The way older people are being cared for in England is “shameful” and “scandalous”, charities say.
Age UK and the Alzheimer’s Society criticised both the quality of care and the way it was rationed as they published fresh evidence on the state of the care sector.
It includes figures that suggest the number of older people not getting help has risen by nearly 50% since 2010.
But ministers insisted plans were in place to support the market.
Care is funded by either councils or individuals themselves – although growing numbers are also relying on family and friends to support them.
The two charities published reports on the same day that the BBC released an analysis of how councils had handled requests for help.
The three pieces of research showed:
- There are now an estimated 1.2 million over-65s going without help for care – nearly one in eight of all older people
- Some 300,000 of them have difficulty with three or more tasks, including dressing, washing and going to the toilet
- Councils agreed to help under half the 1.3 million people who approached them for care last year
- The BBC identified 11 councils that rejected more than 75% of applications
- Where home care was provided “serious problems” were identified in the way dementia patients were treated
- Staff said they had not been given enough training to cope with the complex needs people had
- Families reported examples of poor care, including loved ones not being given medication, being left in dirty clothes for days and going missing after homes had not been properly secured
Caroline Abrahams, of Age UK, said she was “extremely worried” about the “shameful” state of the care system.

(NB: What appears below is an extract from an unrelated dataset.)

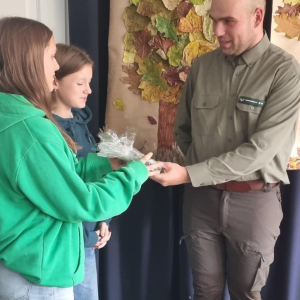 Podziękowania dla leśnika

“The sad irony is that it would be far more effective as well as infinitely more humane to give older people the care and support they need,” she said.
Meanwhile, Alzheimer’s Society chief executive Jeremy Hughes said: “From the scandals we have exposed, it is clear home care workers are not fairly or adequately equipped with the skills they need to support vulnerable people. There simply is not enough money invested in the social care.”
The warnings comes just a month after the official inspection body, the Care Quality Commission, warned the sector was at “tipping point” – with the lack of care having an impact on hospitals through rising accident and emergency attendances as vulnerable people sought help.
The fight to get care: My mum can barely walk
Lorna Wheatley, from North Yorkshire, has been trying to secure a nursing home place for her 82-year-old mother Celia.
“My mum can barely walk or look after herself, and the council says she only qualifies to live in sheltered housing,” Lorna says.
“I’m terrified that without constant support, she could die.”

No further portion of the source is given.